Set down every entry word for word. Omit the pictures.

Dataset records START

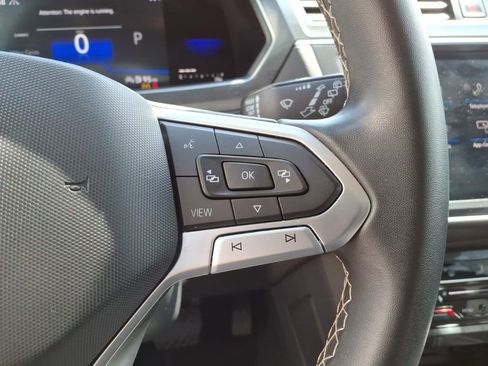 Used 2023 Volkswagen Tiguan SE image 19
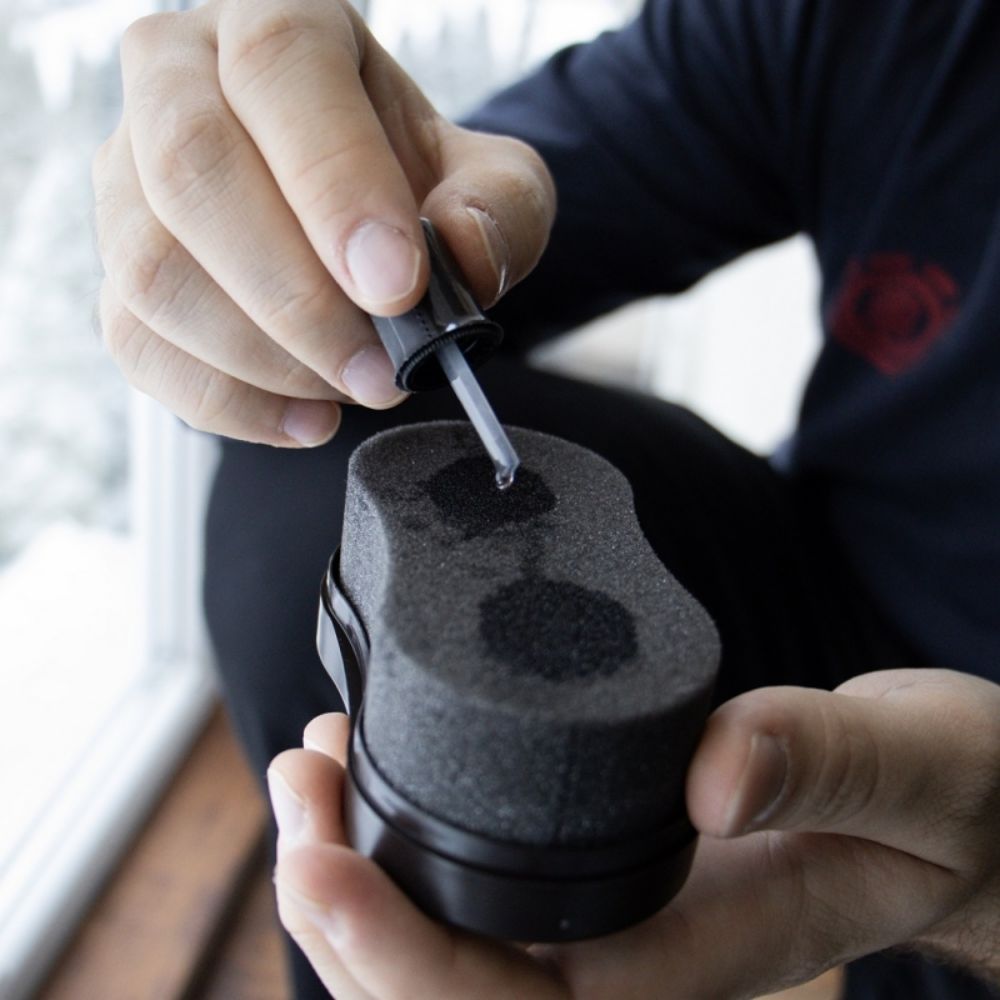 Coccine Self-Shining Sponge ambalaj negru ergonomic pentru intretinerea profesionala a articolelor din piele box
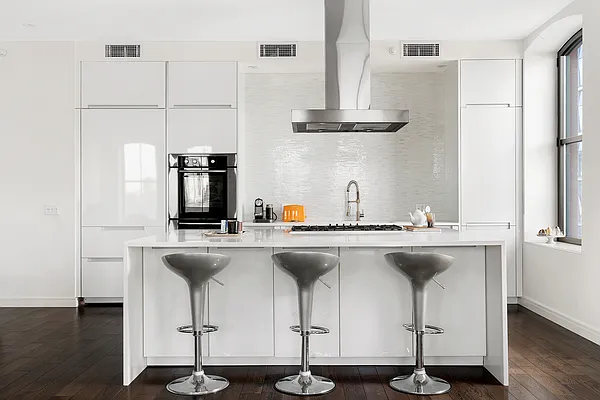 Sold by Compass | media 4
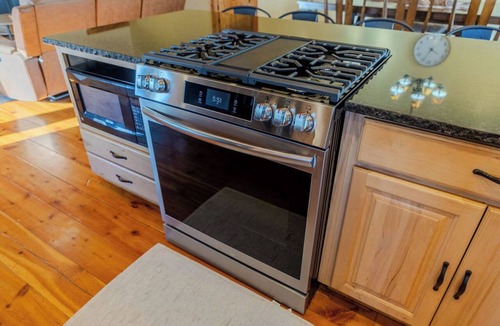 Dubois House | Near Yellowstone Lucky Dog Ranch, 3BR, Sleeps 8, Full Kitchen, Right off the Hwy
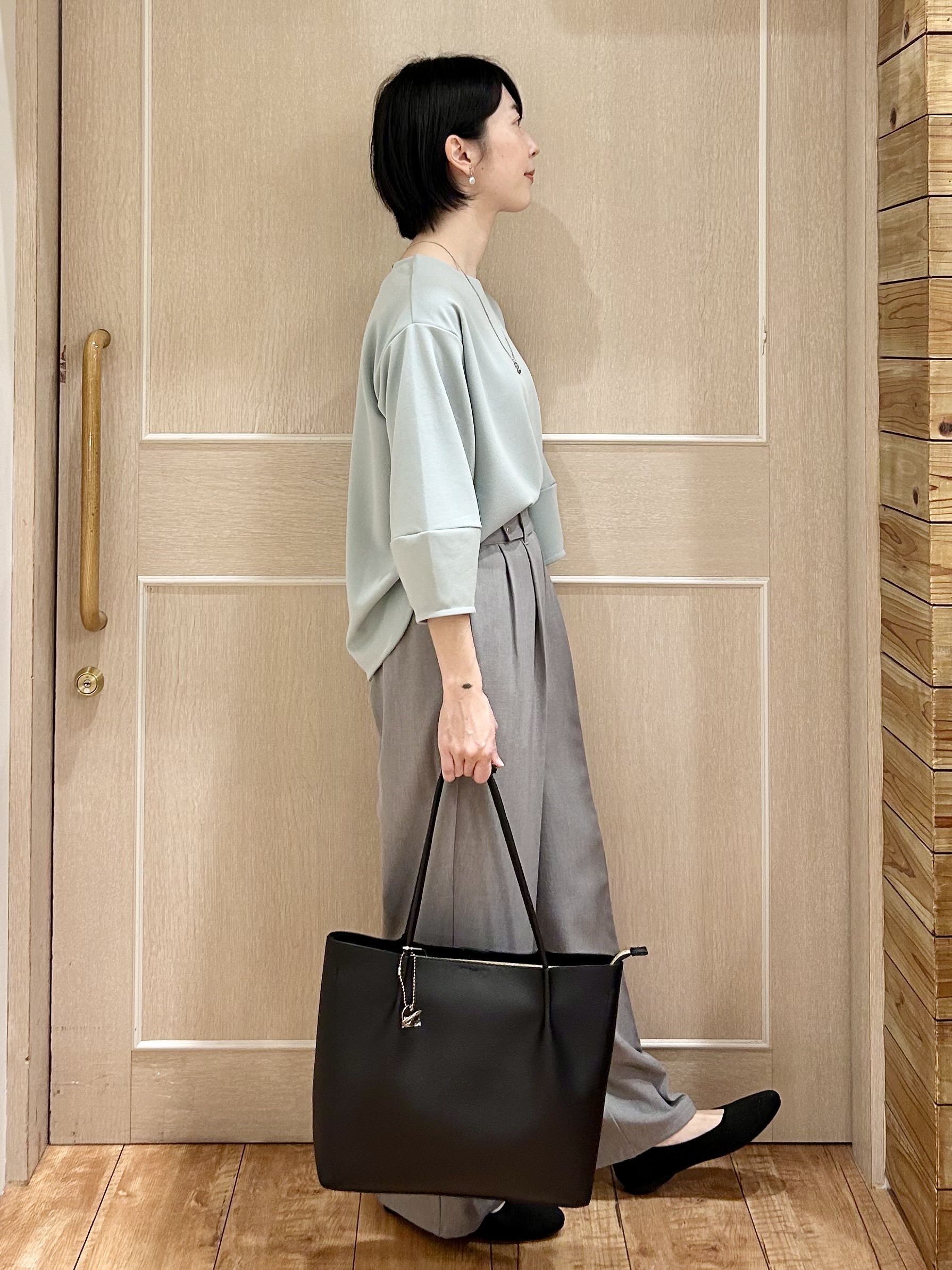 ちぐささんの「SHOO･LA･RUE｜【2点セット/7分袖】ランタンスリーブで女性らしい インせず着られる ネックレス付きブラウス」を使ったコーディネート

Dataset records END

▶ [Solution to the problem]:
 Used 2023 Volkswagen Tiguan SE image 19
 Coccine Self-Shining Sponge ambalaj negru ergonomic pentru intretinerea profesionala a articolelor din piele box
 Sold by Compass | media 4
 Dubois House | Near Yellowstone Lucky Dog Ranch, 3BR, Sleeps 8, Full Kitchen, Right off the Hwy
 ちぐささんの「SHOO･LA･RUE｜【2点セット/7分袖】ランタンスリーブで女性らしい インせず着られる ネックレス付きブラウス」を使ったコーディネート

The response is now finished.